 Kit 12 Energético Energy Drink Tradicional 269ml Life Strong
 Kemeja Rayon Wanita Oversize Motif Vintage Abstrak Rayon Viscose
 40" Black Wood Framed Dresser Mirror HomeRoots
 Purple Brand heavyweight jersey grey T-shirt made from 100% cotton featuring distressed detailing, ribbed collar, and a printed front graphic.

################

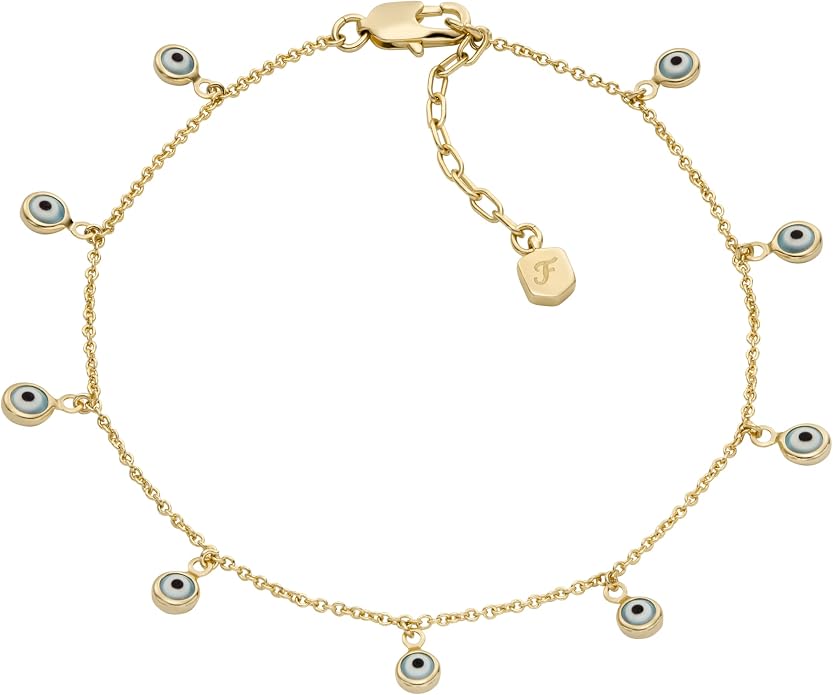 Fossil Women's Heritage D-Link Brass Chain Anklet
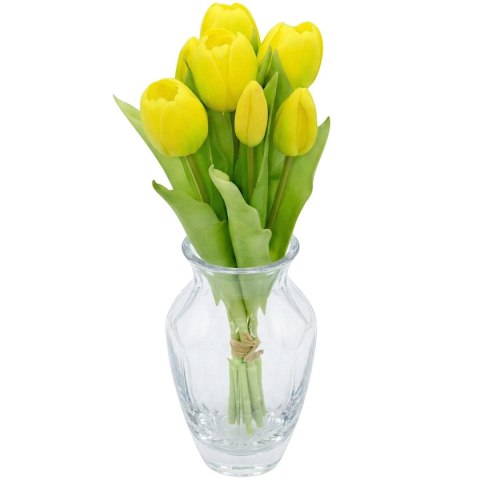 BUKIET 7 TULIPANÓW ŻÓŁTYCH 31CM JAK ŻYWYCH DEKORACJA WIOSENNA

################

> PROBLEM TO WORK ON:
Retype only the stretch of lines above starting at the one with "Kit 12 Energético" and stopping at the one with "Purple Brand heavyweight", exactly as written, with both kept.

> WRITTEN RESPONSE:
 Kit 12 Energético Energy Drink Tradicional 269ml Life Strong
 Kemeja Rayon Wanita Oversize Motif Vintage Abstrak Rayon Viscose
 40" Black Wood Framed Dresser Mirror HomeRoots
 Purple Brand heavyweight jersey grey T-shirt made from 100% cotton featuring distressed detailing, ribbed collar, and a printed front graphic.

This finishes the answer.